The recommendations come in the wake of months of controversy surrounding the West Valley City Police Department that stems from the dismissal of dozens of drug cases because of evidence-handling problems by the now-disbanded Neighborhood Narcotics Unit. The department also has been under intense criticism because of the fatal shooting of Danielle Willard during an alleged drug bust in 2012 and its handling of the investigation into the 2009 disappearance of West Valley mother Susan Powell.
In its report, the PSRB notes attendees can make comments and voice concerns about policing issues at its monthly meetings.
"We encourage the City Council and City staff to reach out to citizens and invite them to participate in our public meetings," the report says.

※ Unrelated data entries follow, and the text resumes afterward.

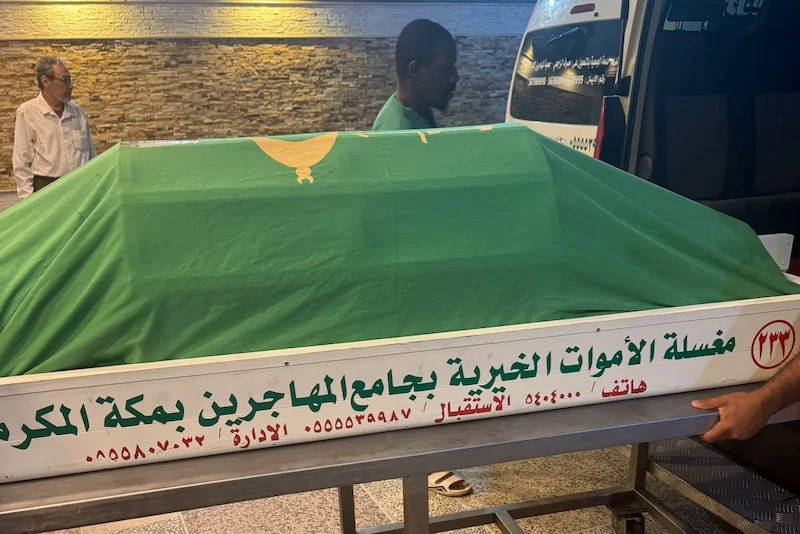 مكة المكرمة تشيع جثمان المغربية أحلام ضحية هجوم مطار أبها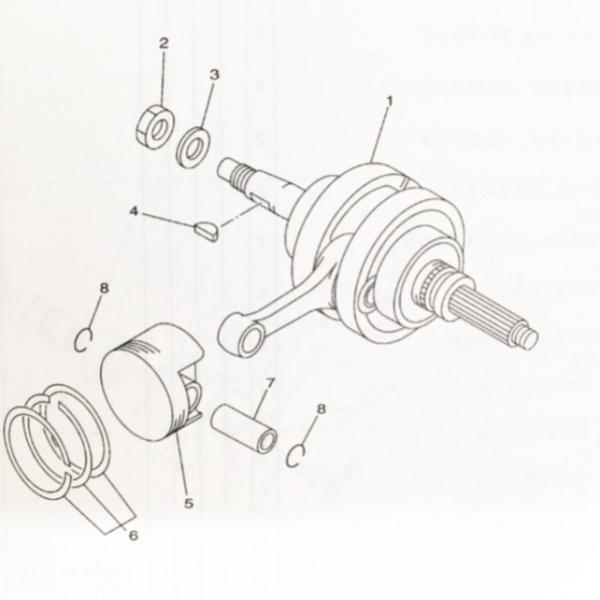 マジェスティ250/マジェスティC(SG03J)　クランクシャフト　図中(1番)　5GM-11400...
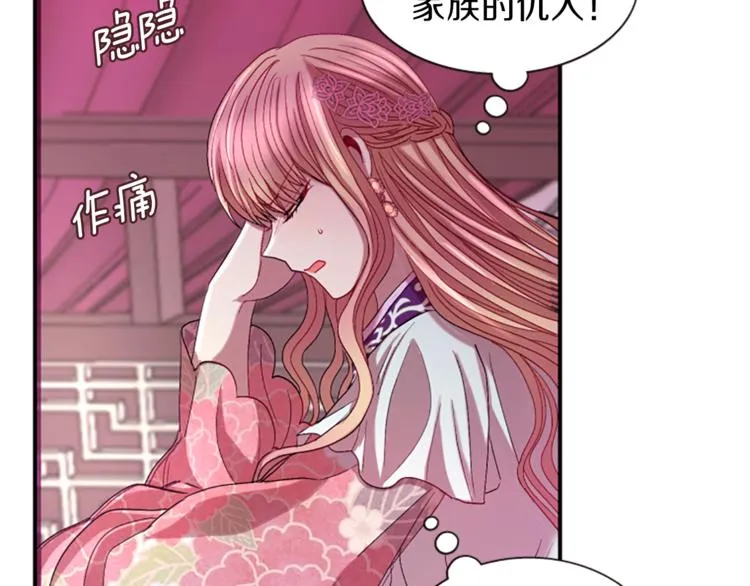 第32话 心上人 第65页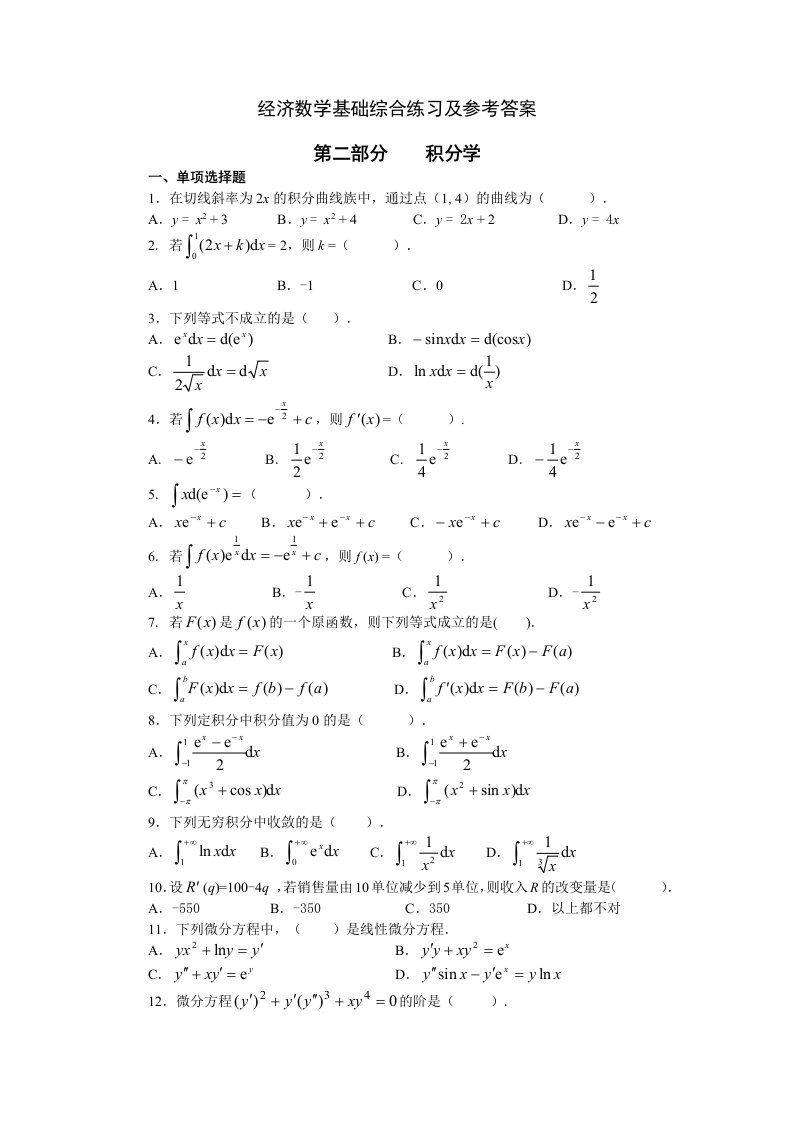 经济数学基础积分学部分综合练习及参考答案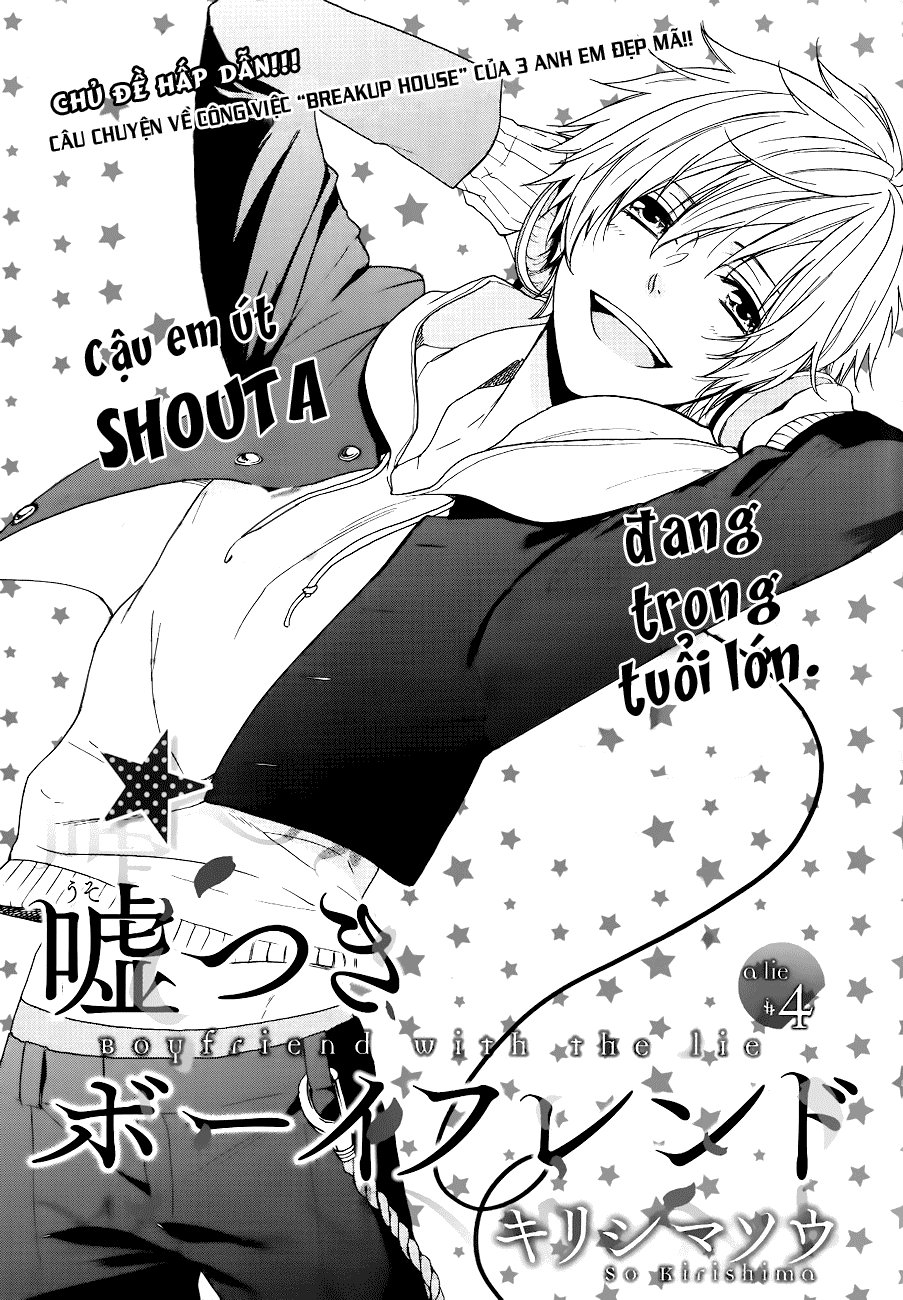 Usotsuki Boyfriend Chapter 4 - 1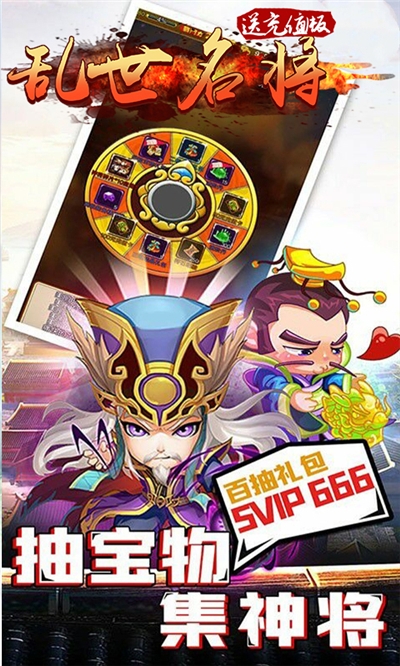 乱世名将送充值版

The report results from one of the changes contained in an ordinance enacted last year by the council, which wanted better police oversight. Under the ordinance, the board now issues quarterly and annual reports on its operations; citizens can attend PSRB meetings; the police no longer have a role in appointing the body's members; and all seven members are civilians.
The summary of last year's board activities includes the review of 96 allegations against officers and the sustaining of 20 of those complaints. Two of the sustained allegations claimed officers had behaved rudely, one concerned the incomplete documentation of a sex-offender registration and 17 were improprieties uncovered during the investigation of the narcotics unit, according to the report.
The report says the board was pleased to learn that the city's legal department had conducted department-wide training in August that addressed chain-of-custody issues and preservation of evidence and suggested that additional training be scheduled in 2014.
PSRB Chairman Dean Trump said failure to follow proper procedures had led to many of the sustained allegations.
"We recommend that there be classes taught to all of our police force on handling evidence," he told council members.
Other 2013 PSRB activities included the review of 970 uses of force such as firearm and taser displays, physical restraints and K-9 deployment.
The board found one incident, the deployment of a taser during a confrontation on a rooftop, was "out of policy." The force was not excessive, the PSRB said, but "the particular means used was not optimal for the context on a rooftop."
And the report says there were 72 pursuits during 2013, all of them "in policy."
In the Willard shooting, Salt Lake County District Attorney Sim Gill announced Aug. 8 that the use of deadly force against the unarmed woman was not justified. His office is screening possible criminal charges against the two detectives involved in the shooting, who deny any wrongdoing.
One of the detectives, Shaun Cowley, was fired in September on allegations of mishandling evidence. The other, Kevin Salmon, remains on paid administrative leave.